_Your objective_
Restate word for word the lines of the entries below, starting with the line that holds "Rows of barbed" and ending with the line that holds "Confezione del prodotto", and no others.

_Supplied material_
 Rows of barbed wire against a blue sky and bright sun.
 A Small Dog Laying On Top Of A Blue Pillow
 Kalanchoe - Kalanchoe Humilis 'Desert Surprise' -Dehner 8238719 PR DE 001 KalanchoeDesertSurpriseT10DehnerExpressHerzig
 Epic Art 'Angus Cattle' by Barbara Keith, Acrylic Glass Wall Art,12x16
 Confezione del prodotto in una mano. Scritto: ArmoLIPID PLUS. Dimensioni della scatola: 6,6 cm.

...

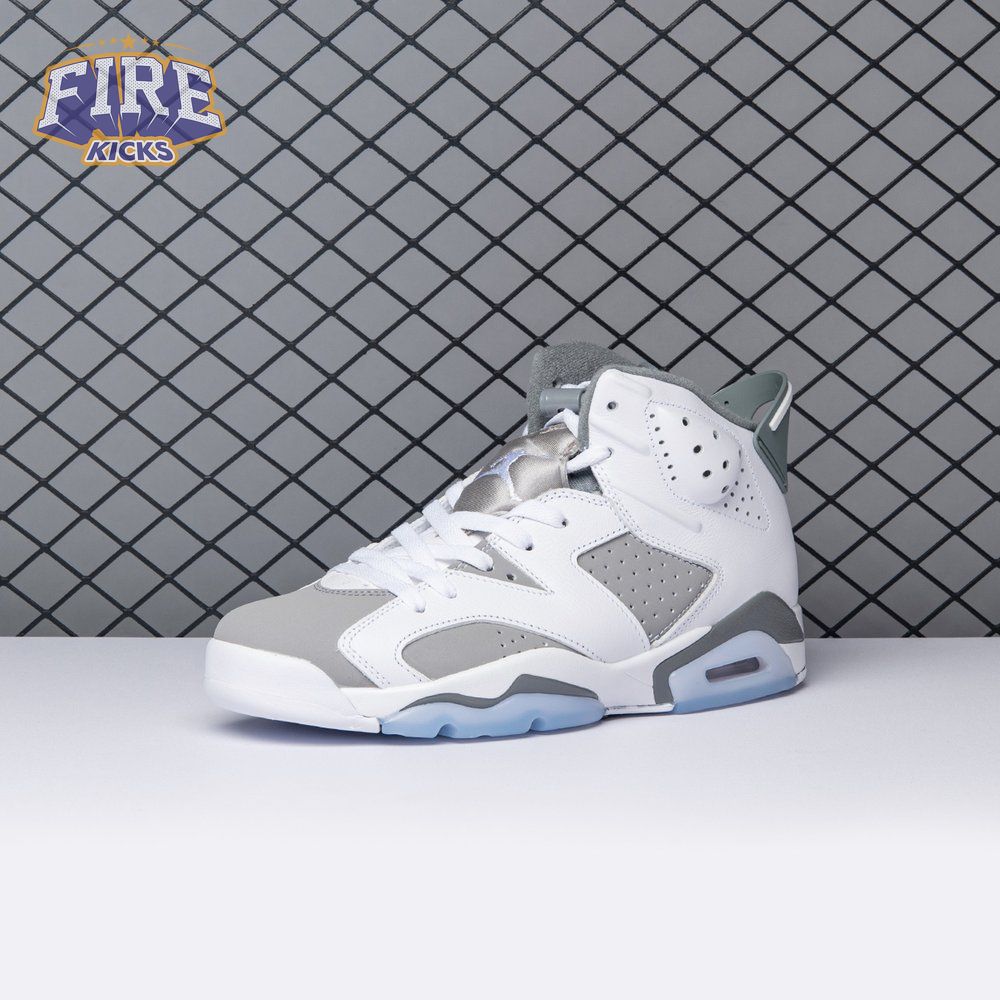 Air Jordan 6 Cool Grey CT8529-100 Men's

* * *

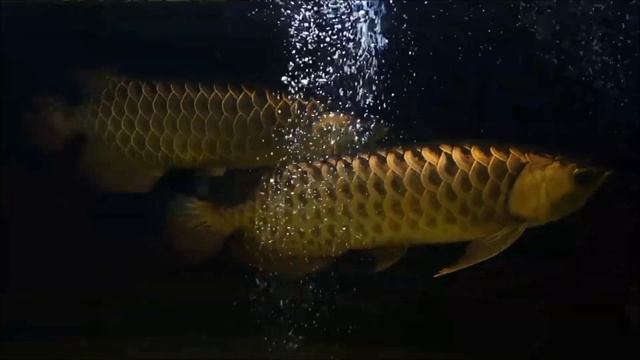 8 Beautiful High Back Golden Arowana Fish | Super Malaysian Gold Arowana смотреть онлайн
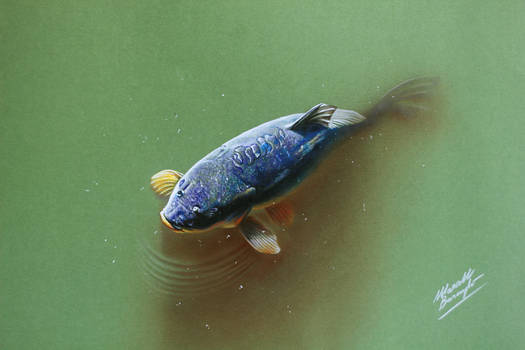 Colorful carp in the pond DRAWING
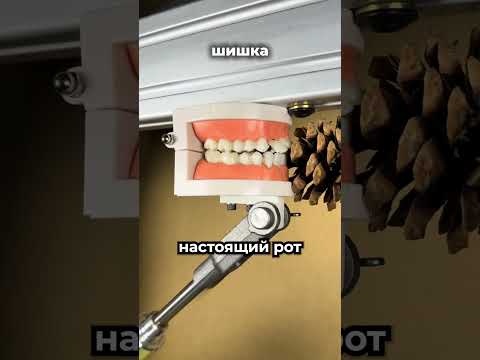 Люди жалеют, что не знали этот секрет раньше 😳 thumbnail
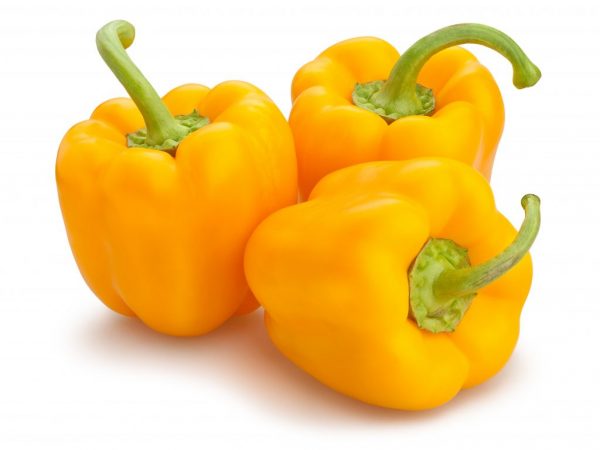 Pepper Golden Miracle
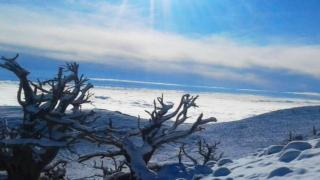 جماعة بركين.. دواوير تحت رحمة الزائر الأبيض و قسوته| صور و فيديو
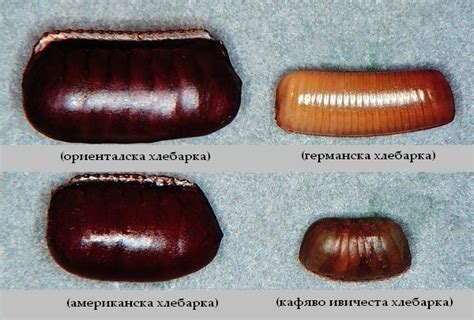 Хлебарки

_Answer area_
 Rows of barbed wire against a blue sky and bright sun.
 A Small Dog Laying On Top Of A Blue Pillow
 Kalanchoe - Kalanchoe Humilis 'Desert Surprise' -Dehner 8238719 PR DE 001 KalanchoeDesertSurpriseT10DehnerExpressHerzig
 Epic Art 'Angus Cattle' by Barbara Keith, Acrylic Glass Wall Art,12x16
 Confezione del prodotto in una mano. Scritto: ArmoLIPID PLUS. Dimensioni della scatola: 6,6 cm.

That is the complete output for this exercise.